The largest population study concluded that nearly two-thirds of drug-injection use can be tied to abuse and traumatic childhood events. If you look at the Adverse Childhood Experiences Study, it clearly shows that the more trauma there is, the greater the risk for addiction, exponentially so. Of course, there are traumatized people who don’t become addicts. You know what happens to them? They develop depression or anxiety, or they develop autoimmune disease, or any number of other outcomes. Or if they’re fortunate enough and get enough support in life to overcome the trauma, then they might not develop anything at all.

When I give my talks across the world, it’s not unusual to have somebody stand up and say, “Well, you know, I had a perfectly happy childhood, and I became an addict.” It usually takes me three minutes of a conversation with a person like that to locate trauma in their history by simply asking a few basic questions.

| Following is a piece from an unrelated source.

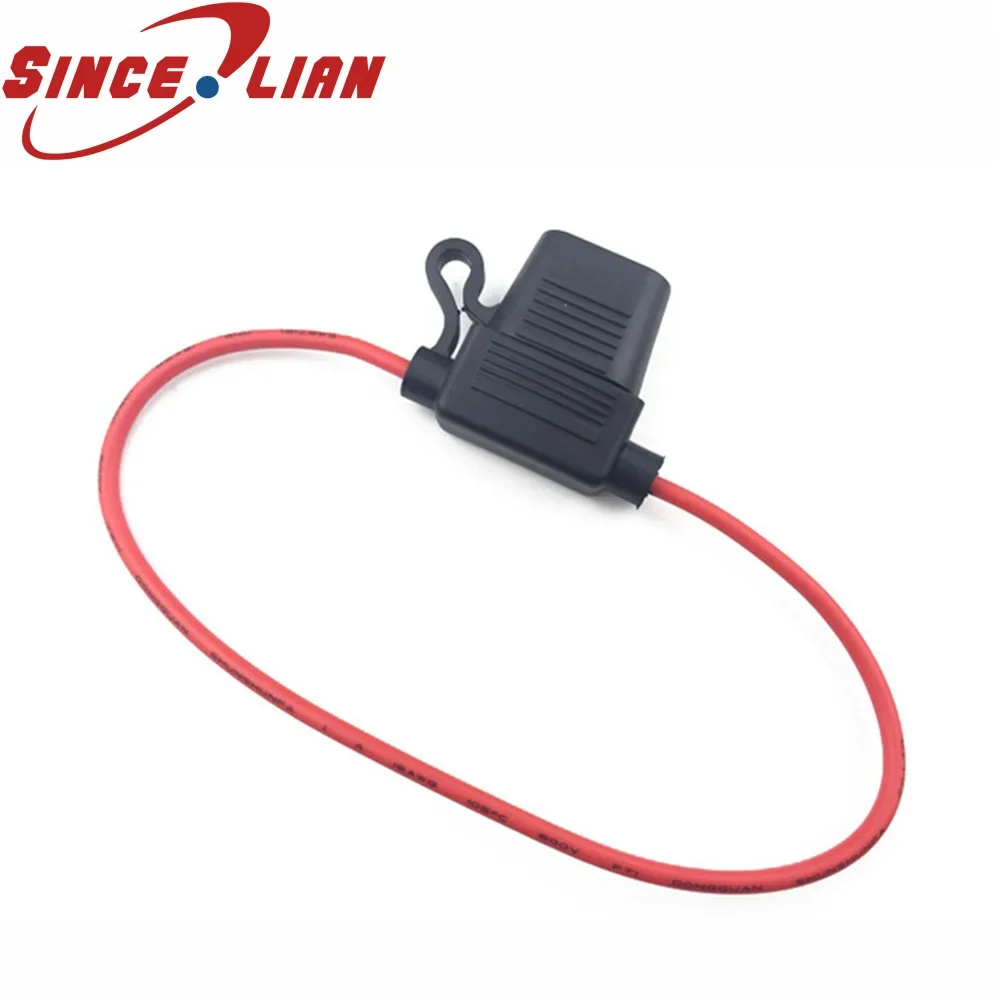 

50 шт., основание предохранителя для страхового сиденья с проводом, автомобильное страховочное сиденье, средний 16AWG, полосатый водонепроницаемый ящик, разъем предохранителя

Trauma can be understood in the sense of the Adverse Childhood Experiences criteria: emotional abuse, physical abuse, sexual abuse, a parent dying, a parent being jailed, a parent being mentally ill, violence in the family, neglect, a divorce. But it can be also be understood in the sense of relational trauma; that means you don’t have to be hit or physically abused. If the parents were stressed or distressed or distracted — if their own trauma got in the way of their attuning with the child — that’s enough to interfere with the development of a healthy sense of self, and with normal brain development itself.

What all addictions have in common

  1. A pattern of compulsive engagement in the behavior that one craves, finds temporary pleasure or relief in, but suffers negative consequences from;
  2. Denial, subterfuge and dishonesty about the addiction. Shame is also a common undercurrent in addiction, whatever the object of the addiction may be;
  3. Brain circuitry:  Addictions are about the hunt, the search, the excitement of the chase. And that has to do with the brain’s incentive and motivation circuitry, the nucleus accumbens and its projections to the cortex, and the availability of dopamine (which is also what cocaine and crystal meth and nicotine and caffeine elevate).  It all has to do with the brain’s pleasure-reward centers, pain-relief circuitry, incentive-motivation circuitry, and impulse-regulation circuits. You know that it’s not good for you, but you can’t stop yourself.
  4. Poor stress regulation:  People with addictive behaviors, be it gambling, sex or shopping, go back to the behavior after having given it up for a while, when something stressful happens. Because their own stress-regulation circuitry isn’t fully developed (an artifact of childhood circumstances), they have to try to regulate it externally.


If, as I argue, addiction is rooted in trauma, then the treatment of addiction has to aim beyond just stopping the behavior. Treatment must aim at nothing less than the restoration of the individual to themselves and to their capacity to be with the present moment, whether the present moment is pleasant or not. That’s what’s too often missing from addiction treatment.